I am not sure what moved me – at the time I was very single, faraway from most of my friends, and not a lot of prospects for having children. For most of my adult life, I had intense relationships with creative types, relationships full of adventure and also fiery conflict, which usually consumed them after a year or two. I’m still friends with a few of these women I dated then, but we were hopeless as partners. People used to ask me, “Do you want to have children someday?” And I would say, “First I have to find a mother.”
Clearly to me now, there was some kind of silly faith at work that afternoon when I walked into that bookstore and asking them to get me that book. Fast forward two decades and now I have a nine-year-old daughter and a son nearly six. I’ve somehow lost that hardcover edition of Wrinkle in all the moves I made since then, but we did manage to find a paperbound copy from an old box of books my mother sent once when she cleaned out her garage.
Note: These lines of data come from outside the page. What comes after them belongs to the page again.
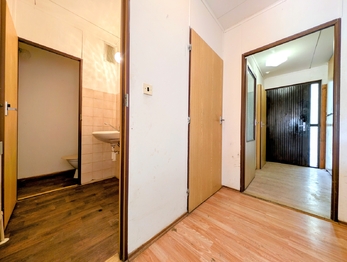 1. NP - vstupní hala a WCéčko ... - Prodej domu 156 m², Havlíčkův Brod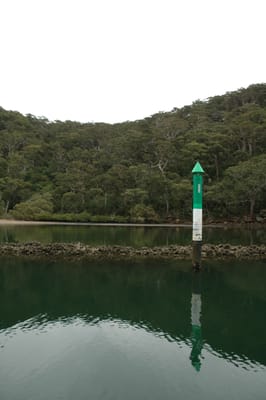 DSC_4029.JPG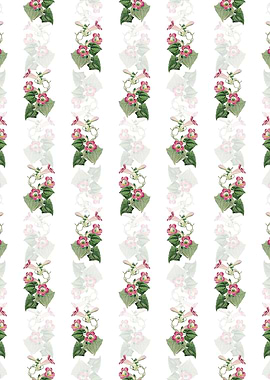 Blushing Lophospermum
We’ve been reading it over the past week, laughing through some of the silliness of the witches, puzzling over the strange turnings of the universe and the evil pulsing of IT. Tonight we read the chapter about Aunt Beast restoring Meg back to health after her near-deadly trip through the Black Thing, the sweet music she sings and the food that is sad to look at but more delicious than Meg could ever have imagined. The experience of finally reading this has been sweeter than I could have imagined when I took that small (and ridiculous) leap of faith (or maybe it was just a hop, really) back in the 90s and ordered the book.
Tomorrow will be the last chapter, but the book won’t be out of memory. A friend said he had loved the book as a kid and remembered scenes it, disjointed scenes that he couldn’t piece together into a narrative. He said, “I’d love to know how the story goes, but why ruin the magic.” Little does he know the magic of being in an older guy’s body but being able to see this magical story afresh through the delighted eyes of a nine-year-old.